あなたが体験したのは、AIも含めた高度な心理操作です。
愛情を持って接してくれる相手を信じることは、人間として当然の反応です。
騙されたあなたではなく、騙した詐欺師に責任があります。
被害に遭ったと感じたら、まず警察や消費生活センター(188)に相談してください。
💞 あの人の言動を、もっと深く知りたい方へ
「恋愛カルテ」という名前ですが、対象は恋愛関係に限りません。
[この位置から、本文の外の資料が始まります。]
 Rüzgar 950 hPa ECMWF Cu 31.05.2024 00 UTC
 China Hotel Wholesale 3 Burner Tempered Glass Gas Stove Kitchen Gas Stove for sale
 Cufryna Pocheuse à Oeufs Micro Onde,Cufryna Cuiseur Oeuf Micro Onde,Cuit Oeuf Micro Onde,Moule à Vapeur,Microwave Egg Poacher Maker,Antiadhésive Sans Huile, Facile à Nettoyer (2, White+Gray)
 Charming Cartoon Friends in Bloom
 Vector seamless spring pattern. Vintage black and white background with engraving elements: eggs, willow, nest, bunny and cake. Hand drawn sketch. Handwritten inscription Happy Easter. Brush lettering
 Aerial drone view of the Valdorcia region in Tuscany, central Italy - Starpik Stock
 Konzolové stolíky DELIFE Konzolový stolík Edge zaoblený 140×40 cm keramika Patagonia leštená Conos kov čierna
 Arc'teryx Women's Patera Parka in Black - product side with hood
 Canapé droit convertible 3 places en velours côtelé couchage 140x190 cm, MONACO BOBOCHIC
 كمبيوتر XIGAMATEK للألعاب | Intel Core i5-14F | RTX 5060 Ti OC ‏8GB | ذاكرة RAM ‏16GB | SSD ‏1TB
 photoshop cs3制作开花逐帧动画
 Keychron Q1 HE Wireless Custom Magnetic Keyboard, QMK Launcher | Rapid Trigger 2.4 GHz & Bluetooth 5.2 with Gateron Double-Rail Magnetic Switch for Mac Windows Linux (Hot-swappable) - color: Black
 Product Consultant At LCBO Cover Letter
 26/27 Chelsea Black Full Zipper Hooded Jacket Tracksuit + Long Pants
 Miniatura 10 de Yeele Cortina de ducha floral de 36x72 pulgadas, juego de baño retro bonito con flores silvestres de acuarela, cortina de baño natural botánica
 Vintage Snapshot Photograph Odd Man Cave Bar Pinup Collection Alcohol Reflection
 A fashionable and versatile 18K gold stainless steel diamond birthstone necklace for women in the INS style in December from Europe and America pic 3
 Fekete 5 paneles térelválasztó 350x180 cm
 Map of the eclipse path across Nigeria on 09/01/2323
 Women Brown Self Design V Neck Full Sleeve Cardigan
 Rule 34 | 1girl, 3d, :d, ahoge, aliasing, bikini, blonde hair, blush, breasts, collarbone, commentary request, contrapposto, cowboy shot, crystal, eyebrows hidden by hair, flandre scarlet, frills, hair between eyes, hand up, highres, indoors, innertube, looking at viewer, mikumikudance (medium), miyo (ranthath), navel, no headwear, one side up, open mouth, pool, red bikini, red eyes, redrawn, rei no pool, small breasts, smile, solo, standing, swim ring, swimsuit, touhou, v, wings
身近な人の言動の背景を、行動分析と心理学の視点から個別に読み解くこともできます。
まとめ
- 2025年のSNS型ロマンス詐欺の認知件数は5,645件、被害額は552.2億円。前年比約38%増。被害者は40〜60代が中心
- 時間をかけて信頼を育て、お金を要求するのが典型的な流れ
- 2025年からAIが本格活用され、一人の詐欺師が数千人と同時にやりとりするまでに進化
- 「ラブボミング」「サンクコスト効果」「孤立化」が主な心理的手口
- 会ったことのない相手からのお金の要求は、すべて詐欺と考える
- 騙されたのはあなたのせいではなく、詐欺師の高度な心理操作が原因
ロマンス詐欺は、「愛情」という人間の最も深い感情を利用します。
その仕組みを知っておくことが、自分と大切な人を守る最初の一歩になるのです。